Third course. Seared langoustine, tapioca with saffron, Parmesan, lardo and fresh walnut. Lovely and creamy tapioca, nice warmth from the saffron and the Parmesan gave the tapioca a nice rich finish. On top of the tapioca was an excellent juicy langoustine with some smoked lardo. The lardo was quite a challenge for the delicate langoustine but worked well when combined with the other ingredients.
The fourth course was Sand carrot, liquorice and foie gras. Cylinders of foie gras semi-fredo served with a fantastic concentrated carrot purée and a delicately flavoured liquorice snow. A lovely foie gras dish with well-balanced flavours.
On the the fifth course, Quail, quail croquette, chick pea purée, purple sprouting broccoli and a lovage fritter. Perfectly cooked succulent quail and a very flavoursome quail croquette. Excellent choice of vegetables, lovely smooth chickpea purée. The flavour of the lovage fritter had wonderful length and this brought an extra dimension to the dish.
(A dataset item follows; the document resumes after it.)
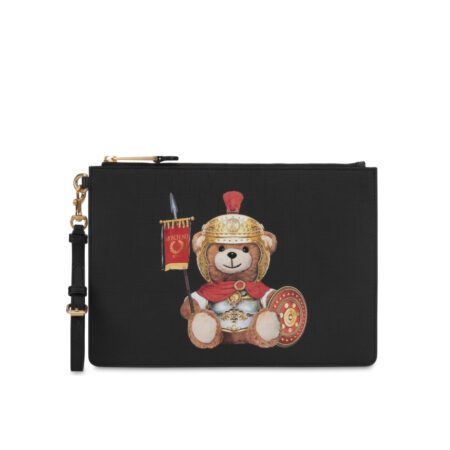 Moschino black clutch featuring a multicolor Roman Teddy Bear print, top zip closure with gold-tone hardware, and a detachable wrist strap, available at Lestyle Boutique 136 Little Collins St.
Sixth course (two dishes). First up was Sole with a crayfish filling, crayfish consommé, pea puree. Excellent piece of sole with a crayfish filling and an absolutely fantastic crayfish concommé with a wonderful depth of flavour. The silky smooth pea puree was a perfect match.
This was followed by Aioli with crayfish and fresh peas. Gorgeous and elegant aioli without even a hint of harshness from the garlic. Fantastic crayfish tails and delicious fresh peas that brought texture and freshness to the dish. Two wonderful dishes and great to see the crayfish as a main ingredient.
Seventh course. Beef, potatoes, grated turnip and shallot, croutons, oxtail, turnip leaves. An amazing and beautifully cooked piece of Devon Red Beef sirloin. Lovely rich beef dripping potatoes. Great flavour and texture from the delicious beef croutons. An original and creative dish with rich multi-layered beef flavours all balanced perfectly by the grated turnip and the lovely sharp shallot mixture. Lovely bitters from the turnip leaves. The shallots and turnips made this rich dish very digestible.
Eighth course and dessert, Frozen lemon posset filled with a chocolate and caramel sauce. The refreshing frozen lemon posset had a lovely biscuit base and went really well with the wonderful chocolate and caramel sauce. The perfect ending of this meal.
Alyn Williams at the Westbury has been open for just five months now and has already confidently taken its place in the London restaurant scene. No wonder perhaps, because Alyn Williams is a very experienced and skilled chef who has played the second violin in some of London's greatest kitchens. However, this is the first time that his name is on the door and that the responsibility for what is put on the plate is entirely his. Alyn Williams delivers creative and original dishes that are carefully executed. I got to taste a large selection of dishes, some of which were balanced and multi-dimensional, whereas others still seem to be under construction. More importantly, all dishes showed individuality and were concise and focused. Front of house did a great job under the aegis of Giancarlo Princigalli (formerly of Marcus Wareing's); service was efficient and relaxed.
I know that complaining that restaurants are too cheap is not a popular pastime among food bloggers, but I fear that in this case I feel obliged to make some remarks in that direction. Seven courses for £55 at this level begs the question whether Alyn Williams is not selling himself too cheaply. On the other hand, if you can get this quality of food at prices which are not dissimilar from those at your average Soho 'tapas-style/for sharing' restaurant, that is all the more reason to dignify this wonderful restaurant with a visit forthwith.